──────── Dataset excerpts
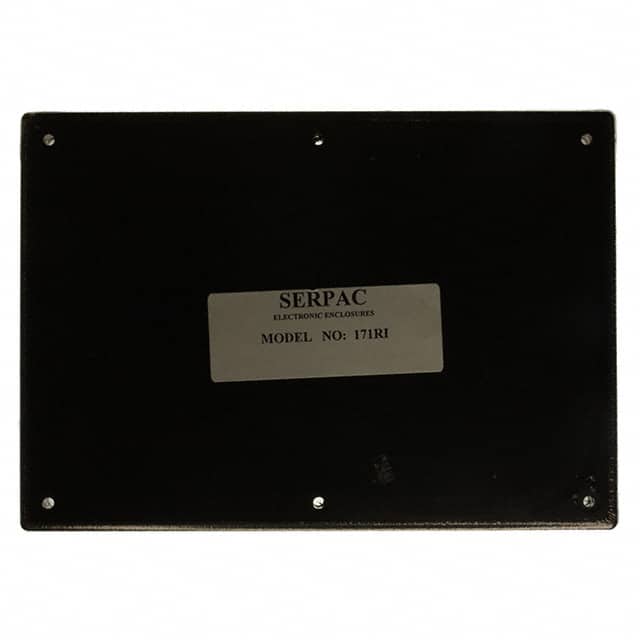171RI,BK BOX ABS BLACK 6.880"L X 4.880"W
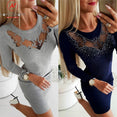 Elegant Long Sleeve Bodycon Slim Dress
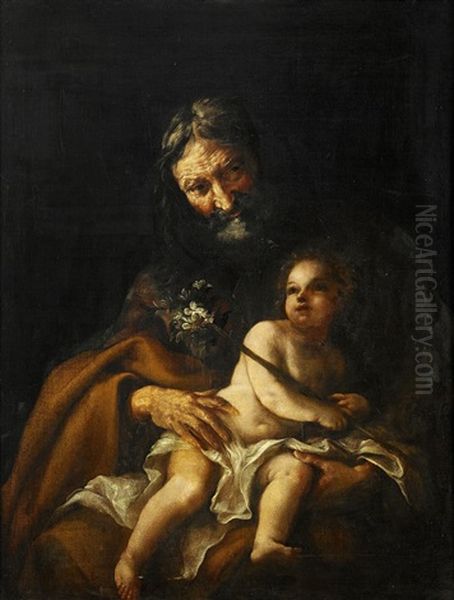 John The Baptist Oil Painting by Giovanni Battista Beinaschi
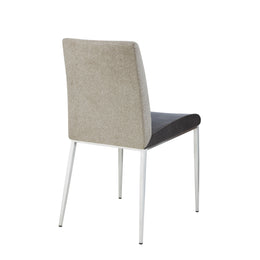 Rasmus Side Chair - Dark Grey,Light Brown,Set of 2
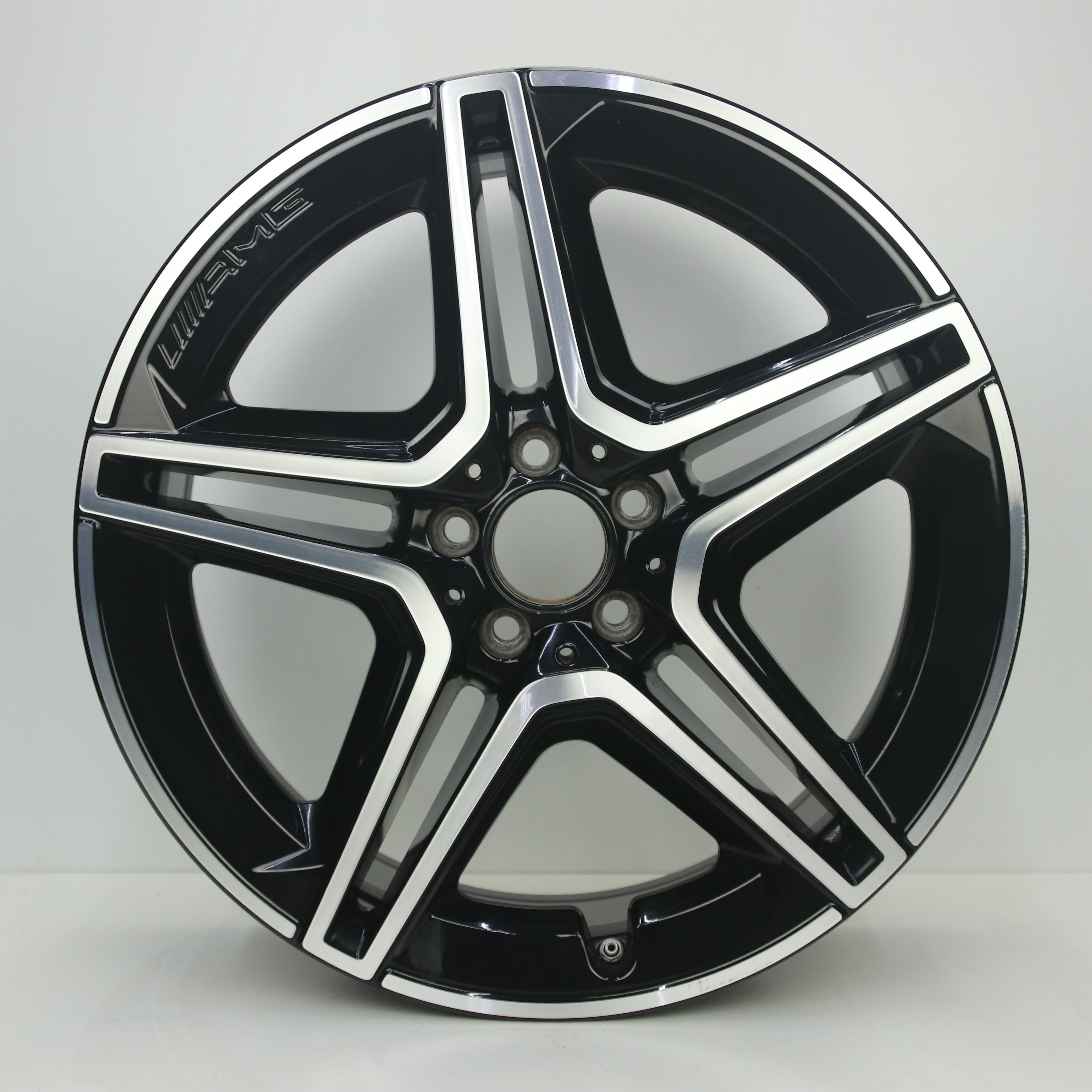 IN1003202 Originele 20 inch lichtmetalen Mercedes-Benz GLE-klasse AMG velgen 9.00X20 5X112 ET44.0 NB66.60 Zwart gepolijst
────────────────
#### [About this task]
Give the records again exactly, without pictures.

#### [Final answer]
171RI,BK BOX ABS BLACK 6.880"L X 4.880"W
 Elegant Long Sleeve Bodycon Slim Dress
 John The Baptist Oil Painting by Giovanni Battista Beinaschi
 Rasmus Side Chair - Dark Grey,Light Brown,Set of 2
 IN1003202 Originele 20 inch lichtmetalen Mercedes-Benz GLE-klasse AMG velgen 9.00X20 5X112 ET44.0 NB66.60 Zwart gepolijst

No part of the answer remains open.